[Ocfs2-users] problem stopping o2cb service on one of nodes

Fri Apr 3 14:27:34 PDT 2009

Do:
$ cat /proc/sys/fs/ocfs2/nm/hb_ctl_path


Nikola Ciprich wrote:
> Hi Sunil,
> thanks for reply..
> I don't observe any segfaults...
> regarding info You want, as I wrote, umount doesn't decrease refcount...:
>
> [root at vbox4 ~]# ocfs2_hb_ctl -I -d /dev/vgshared/lvs
> 2A5D351D0A934061BBC6B5392A30187E: 1 refs
> [root at vbox4 ~]# umount /home/LVS
> [root at vbox4 ~]# ocfs2_hb_ctl -I -d /dev/vgshared/lvs
> 2A5D351D0A934061BBC6B5392A30187E: 1 refs
>
> nik
>
> On Fri, Apr 03, 2009 at 10:21:33AM -0700, Sunil Mushran wrote:
>   
>> umount is supposed to stop the heartbeat. In bz1053, ocfs2_hb_ctl was  
>> segfaulting.
>> Are you seeing any segfaults or any other errors during umount?
>>
>> Also, run the following before and after umount:
>> $ ocfs2_hb_ctl -I -d /dev/sdX o2cb
>>
>> Email me the output.
>>
>> Nikola Ciprich wrote:
>>     
>>> Hello Tao,
>>> and thanks a lot for reply!
>>> It seems not to be the same bug, at least applying the patch didn't help.
>>> stopping hb using -K parameter really helps, but why doesn't this work automatically
>>> on umount?
>>> it always happens on the second node...
>>> I don't see any error in logs, anything.
>>> But the reference count always increases on mount, and doesn't decrease on umount on this node..
>>>
>>>
>>> On Fri, Apr 03, 2009 at 10:58:18AM +0800, Tao Ma wrote:
>>>   
>>>       
>>>> Hi Nikola,
>>>>
>>>> Nikola Ciprich wrote:
>>>>     
>>>>         
>>>>> Hi,
>>>>> I'm trying ocfs2 RHEL5 distro, 2.6.29 kernel, ocfstools-1.4.1. I'm using DRBD in primary/primary mode
>>>>> as shared storage...
>>>>>
>>>>> I've configured the service according to quickstart document, and everything works,
>>>>> but when I umount fs on both nodes, stopping o2cb service on one of the nodes always
>>>>> fails with:
>>>>>
>>>>> [root at vbox4 sysconfig]# /etc/rc.d/init.d/o2cb stop
>>>>> Stopping O2CB cluster vb34: Failed
>>>>> Unable to stop cluster as heartbeat region still active
>>>>>       
>>>>>           
>>>> It looks that your disk heartbeat is still there.
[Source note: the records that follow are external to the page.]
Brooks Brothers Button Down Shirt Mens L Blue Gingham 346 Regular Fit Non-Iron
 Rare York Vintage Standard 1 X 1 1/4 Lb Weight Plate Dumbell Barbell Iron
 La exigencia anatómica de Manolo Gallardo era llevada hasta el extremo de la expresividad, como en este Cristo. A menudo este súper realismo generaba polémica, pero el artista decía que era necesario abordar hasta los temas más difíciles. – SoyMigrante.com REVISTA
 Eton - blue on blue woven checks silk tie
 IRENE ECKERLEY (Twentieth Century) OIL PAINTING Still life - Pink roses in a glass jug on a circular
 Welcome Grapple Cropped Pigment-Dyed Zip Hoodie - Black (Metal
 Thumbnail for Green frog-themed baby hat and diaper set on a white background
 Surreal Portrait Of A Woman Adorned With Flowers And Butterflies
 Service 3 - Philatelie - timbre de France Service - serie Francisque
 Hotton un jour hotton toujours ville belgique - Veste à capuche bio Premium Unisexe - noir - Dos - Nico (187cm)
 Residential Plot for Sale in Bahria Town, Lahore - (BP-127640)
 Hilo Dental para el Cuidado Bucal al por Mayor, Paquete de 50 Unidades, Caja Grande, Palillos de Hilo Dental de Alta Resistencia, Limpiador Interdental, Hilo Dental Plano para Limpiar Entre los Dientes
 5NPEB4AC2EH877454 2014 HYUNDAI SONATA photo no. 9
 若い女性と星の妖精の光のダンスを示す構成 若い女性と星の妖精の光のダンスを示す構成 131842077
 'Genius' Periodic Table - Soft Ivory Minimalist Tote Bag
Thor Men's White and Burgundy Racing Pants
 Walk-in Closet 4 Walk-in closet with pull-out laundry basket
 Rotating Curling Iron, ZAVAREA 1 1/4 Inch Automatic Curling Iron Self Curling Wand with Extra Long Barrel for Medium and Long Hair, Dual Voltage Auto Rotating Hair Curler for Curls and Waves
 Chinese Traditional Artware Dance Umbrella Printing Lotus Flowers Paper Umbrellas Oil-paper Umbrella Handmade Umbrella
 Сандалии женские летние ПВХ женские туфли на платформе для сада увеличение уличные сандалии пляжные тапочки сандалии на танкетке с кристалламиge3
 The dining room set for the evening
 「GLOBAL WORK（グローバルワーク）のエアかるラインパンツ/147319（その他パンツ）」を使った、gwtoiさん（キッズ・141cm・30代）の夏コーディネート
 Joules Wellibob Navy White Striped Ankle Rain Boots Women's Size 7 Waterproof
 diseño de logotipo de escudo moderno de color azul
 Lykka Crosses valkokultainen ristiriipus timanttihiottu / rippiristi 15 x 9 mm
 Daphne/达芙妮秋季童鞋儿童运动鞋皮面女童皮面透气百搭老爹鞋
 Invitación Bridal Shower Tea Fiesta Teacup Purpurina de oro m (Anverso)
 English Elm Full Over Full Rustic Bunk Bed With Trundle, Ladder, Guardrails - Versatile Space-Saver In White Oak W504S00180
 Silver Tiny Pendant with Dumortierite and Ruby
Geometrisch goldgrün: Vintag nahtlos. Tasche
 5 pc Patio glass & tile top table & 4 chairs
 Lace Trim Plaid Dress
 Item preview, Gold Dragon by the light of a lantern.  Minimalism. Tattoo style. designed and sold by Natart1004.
I don't know the   
>>>> specific reason, maybe   
>>>> http://oss.oracle.com/bugzilla/show_bug.cgi?id=1053 ?
>>>>
>>>> but you can stop it manually.
>>>> 1.  ocfs2_hb_ctl -I -d <device>
>>>> or ocfs2_hb_ctl -I -u <uuid>
>>>> this will tell you the reference number for the hearbeat.
>>>> 2.  ocfs2_hb_ctl -K -d <device> <service>
>>>>   or  ocfs2_hb_ctl -K -u <uuid> <service>
>>>> this will killed the heartbeat manually.
>>>> service is the stack you used, and it should be "o2cb" in your case.
>>>>
>>>> btw, you can try cfs2_hb_ctl -K -u <uuid> <service> to see whether it 
>>>> is  the same problem as bug 1053.
>>>>
>>>> Regards,
>>>> Tao
>>>>     
>>>>         
>
>